Adolescent years came around so fast, and when they did they brought several good times, and several bad times. Most of these good and bad times all came from making decisions. I remember all the choices and decisions that I had to make, and fear go to me many times. When you’re young you don’t always think things through like you should. Thank God I had a wonderful mom that helped me through this rough time.
My mother is and extraordinary woman. She works two jobs, and also helps out a lot on our family farm. Every single game, band concert, bad day, or anything else that I had or did, she was always there. All the good times and all the bad times she has been there with good advice, a congratulation, or a shoulder to cry on.
I believe in being true to yourself.

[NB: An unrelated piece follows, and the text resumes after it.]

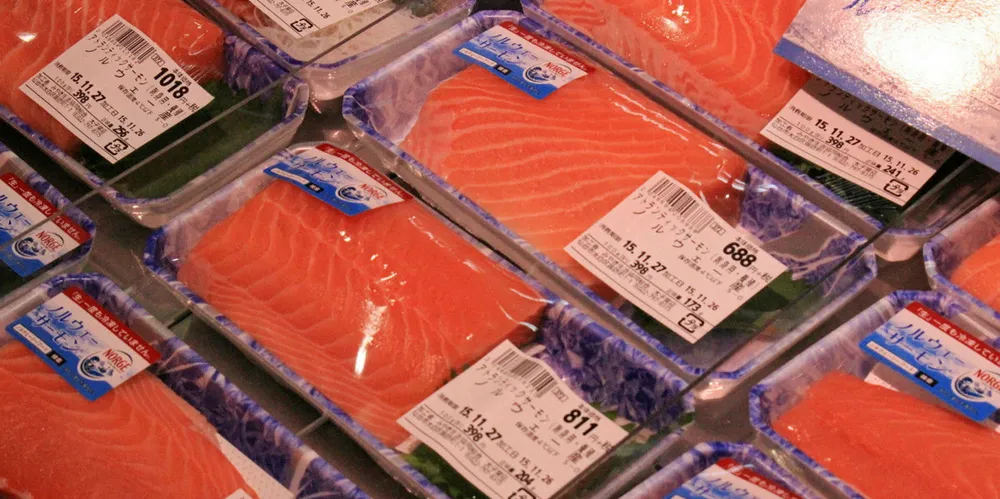 Fiskedisk i en japansk dagligvarebutikk i byen Sendai. Produktene er merket med norsk opphav.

My mother taught me since the first day of middle school that in order to be happy in life; you always have to be true to yourself. She told me that I was the only one that I had to live with for the rest of my life, and the decisions that I made would decide whether or not I would be happy. She was exactly right; I was faced with several predicaments’ that made me question every move that I made.
Everyday o middle school it felt like a new challenge. Girls would fight, boys would laugh, and people would just do horrible things, yet the teachers never seemed to catch them. I remember the boys making fun of girls for their clothes, or their hair, and girls making fun of other girls for their weight, or the way they looked. I kept my moms words in the back of my head everyday. The girls were so mean, and when I made a decision they didn’t like they would treat me terrible, but I know today that I made the right choices.
High school came around and it seemed like the decisions got a lot easier. People grew up and they didn’t care if you didn’t want to do what they were doing. But, the option of doing the things that my peers were doing was still there whether they were pressuring me or not. Now it was on to bigger things like drinking, drugs, and sex. People say peer pressure is bad, but I beg to differ. Your friends will be there no matter if you do what they like or not. If they aren’t your true friends they will disappear when they don’t like something you do. I knew my limits, and when I questioned them I heard my mom in my mind. Sometimes I pushed my limits, but with the help of my friends I managed to stay out of too much trouble. Thanks mom!
Two months ago I graduated, and I spent some special time with my mom (who is by the way my best friend), she asked me if I had any regrets about school, or all the years I had spent growing up. I gladly answered no. I always had your voice in my head telling me, “Live life to your fullest, no regrets, stay true to yourself”.
I believe in staying true to yourself and living life with no regrets. Whatever the situation may be, remember you’re stuck with it the rest of your life. If a once and lifetime chance comes along, take it and run with, don’t just set it aside. I was so lucky that I had a great leader, friend, and mother to help me learn this.